Smaller black holes are hotter than larger black holes

To make this rigorous requires considerable work so I won't go into the details. We define a property called the surface gravity, $\kappa$, that is effectively the gravitational acceleration at the event horizon and we find for a static black hole this is given by:

$$ \kappa = \frac{1}{2r_s} \tag{4} $$

This is the proper general relativistic version of the Newtonian surface gravity I derived in equation (3). The Hawking temperature is then simply:

$$ T_H = \frac{\hbar c}{2\pi k_B} \kappa $$

So just as with our approximate calculation we find that the temperature is proportional to $1/r_s$ i.e. smaller black holes are hotter than larger black holes.

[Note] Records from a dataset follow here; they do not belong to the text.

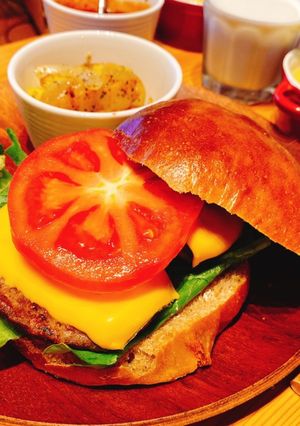 自家製酵母で☆全粒粉バンズ-レシピのメイン写真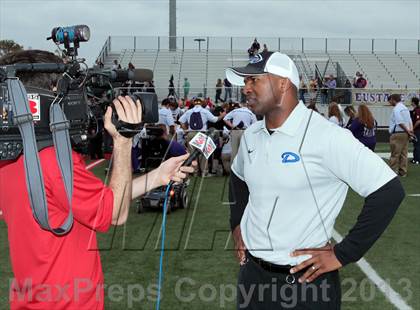 Thumbnail 1 in Daingerfield vs. Eustace (UIL 2A Bi-District Playoff) photogallery.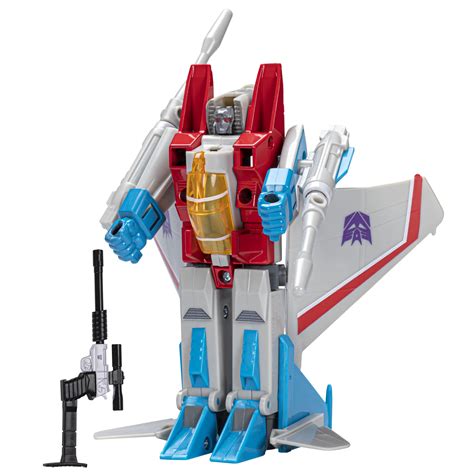 Transformers Retro Toys, Transformers: the Movie G1 Starscream Collectible Action Figure ...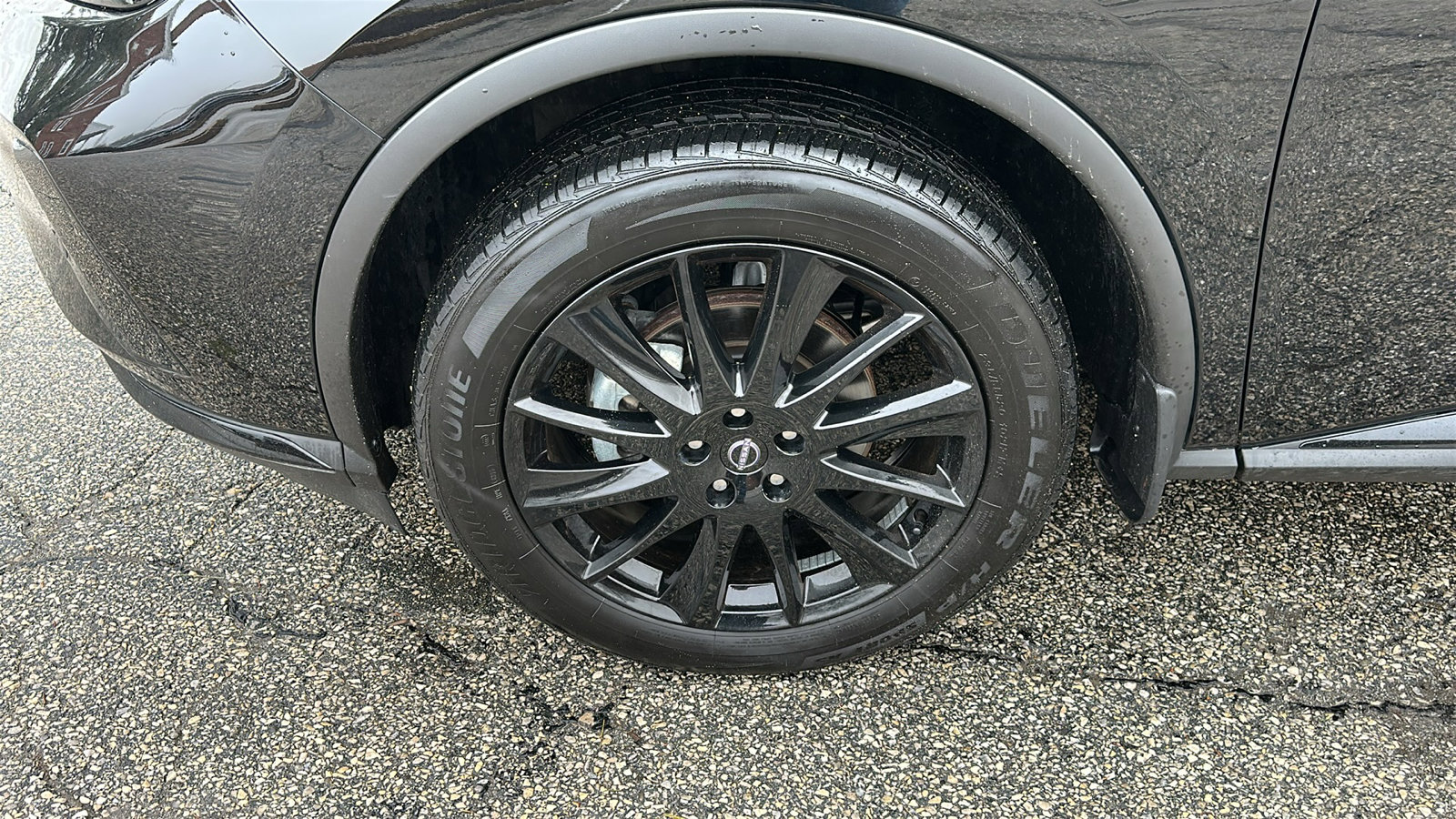 Certified 2024 Nissan Murano SV w/ SV Midnight Edition Package image 9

Here is an answer more based on thermodynamics. It all boils down to this: The entropy of a black hole is proportional to its surface area, but its mass = energy to the radius.

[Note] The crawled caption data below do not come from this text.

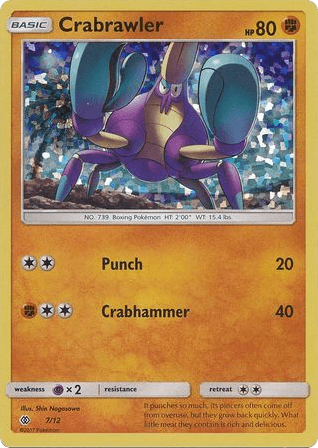 Crabrawler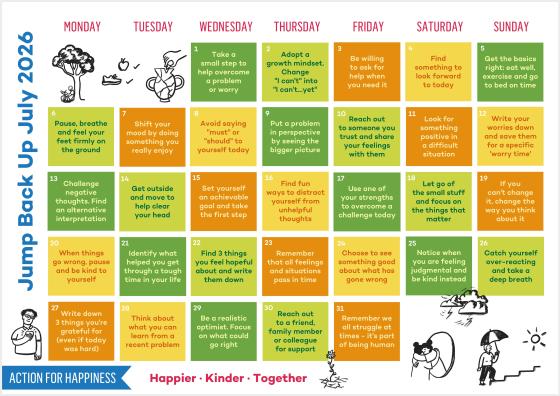 Jump Back Up July? Sounds like a plan. – FIT IS A FEMINIST ISSUE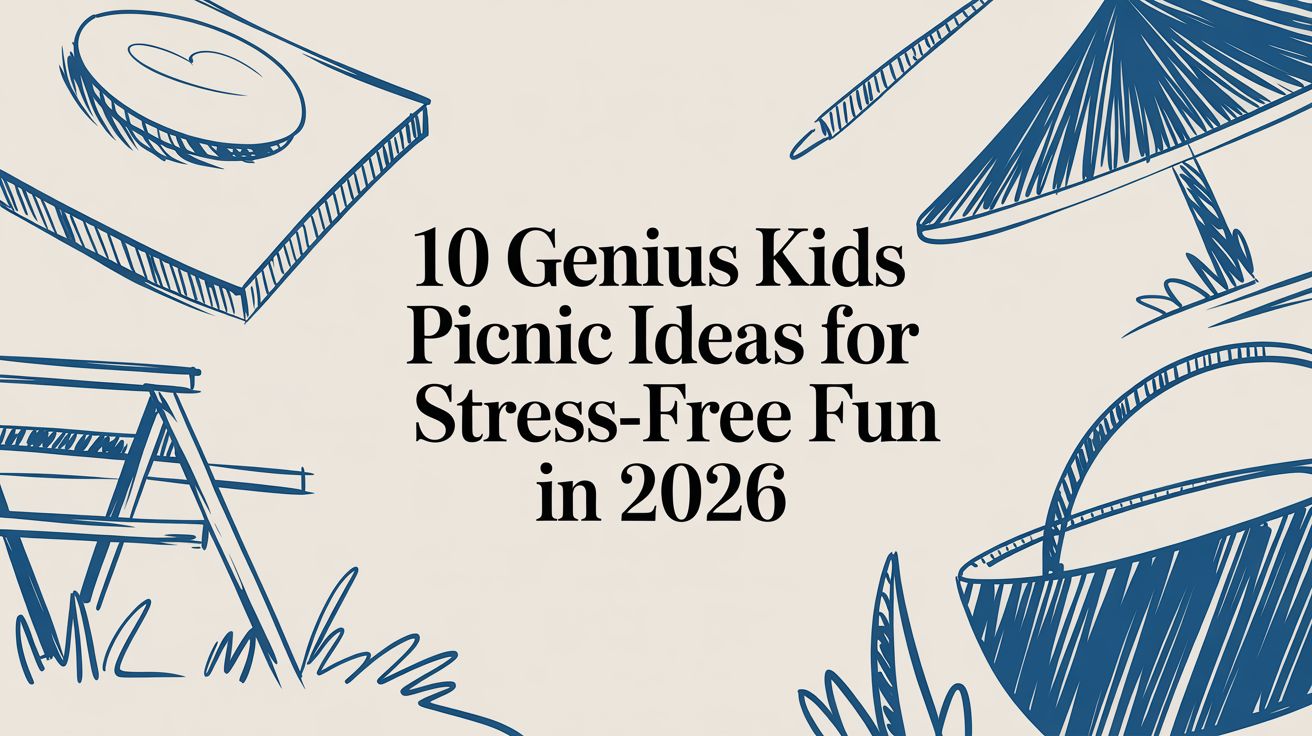 10 Genius Kids Picnic Ideas for Stress-Free Fun in 2026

You can think of it in the following way: all states inside the black hole are the same to observers outside. Information about the interior is encoded on the surface because you can solve boundary value problems. So the larger the surface, the larger the entropy. This is far from a proof, but you can make this rigorous.

Now, what are heat and temperature? Heat is the spontaneous transfer of energy, without work being done. The second law of thermodynamics says that entropy can never decrease. Since energy is conserved, for two systems in equilibrium, $$\frac{\Delta S_1}{\Delta U} = \frac{\Delta S_2}{\Delta U}$$
that is, the the change in the entropy $S_1$ of system 1 due to changing its energy by $\Delta U$ is equal to the change in entropy $S_2$ of system 2 due to changing its energy by the same amount. Hence we define $$\beta = \frac{\partial S}{\partial U}$$
and you can realize that $\beta = 1/T$ where $T$ is the *temperature*. (Heat flows from low $\beta$ to high $\beta$, but from high $T$ to low $T$.)

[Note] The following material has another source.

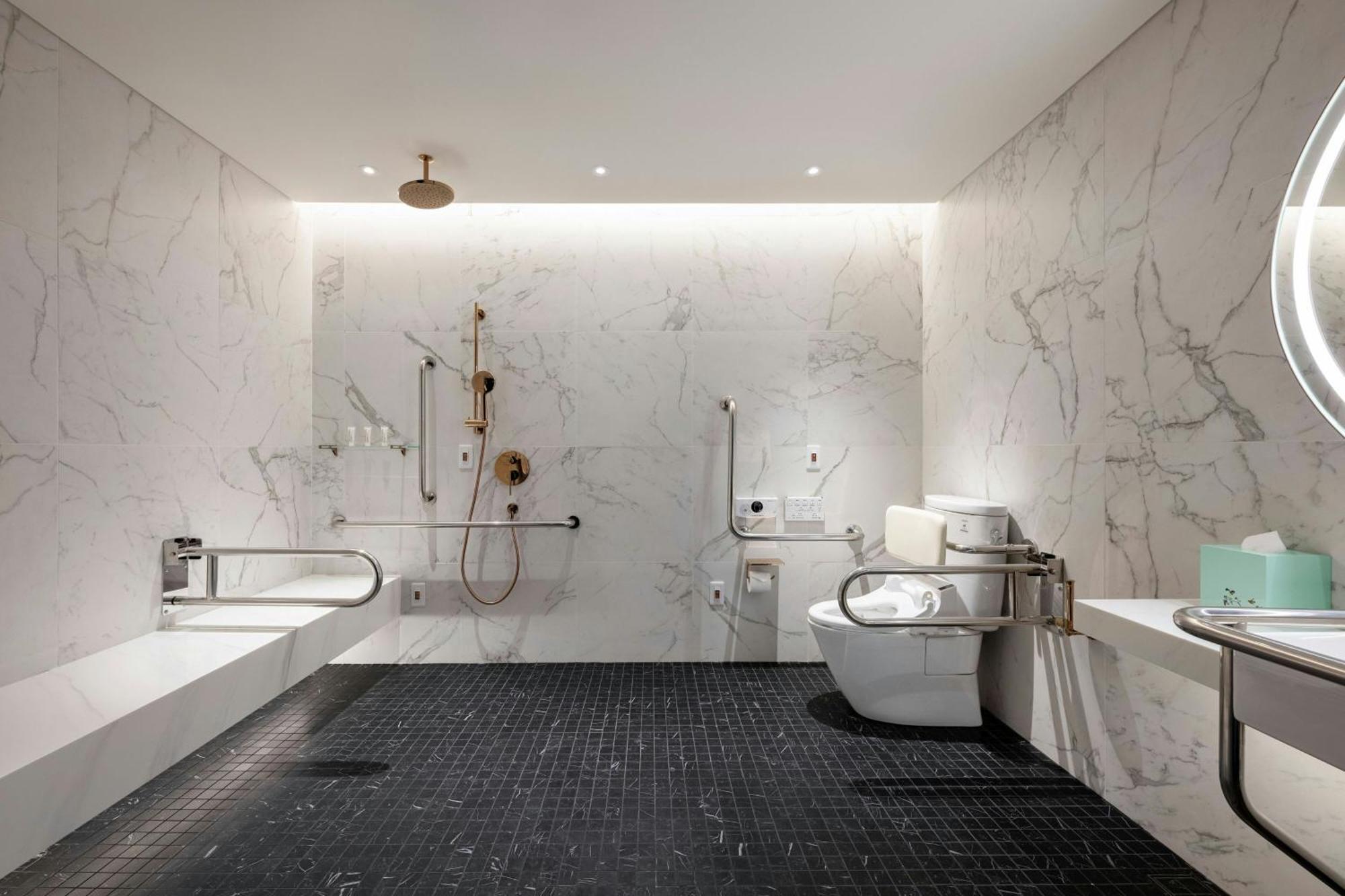 Le Meridien Тайчжун Экстерьер фото Bathroom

From general relativity, we have that the mass $M$ and radius $r$ of a black hole are proportional, $r = 2GM/c^2$. If we take the energy to be $U = E = Mc^2$, then $U \propto r$, so $S \propto U^{2}$ which gives $\beta \propto U $ or $T \propto 1/r \propto 1/M$. Thus, a smaller black hole is hotter, and consequently radiates more.

If we invert the relation between entropy and energy, we get $U \propto \sqrt S$. Plot $\sqrt S$. It is very steep for small $S$, and quite flat for large $S$. That means for small black holes, the Hawking radiation only needs to have a little entropy, even if the intensity is large, for the process to be allowed by thermodynamics.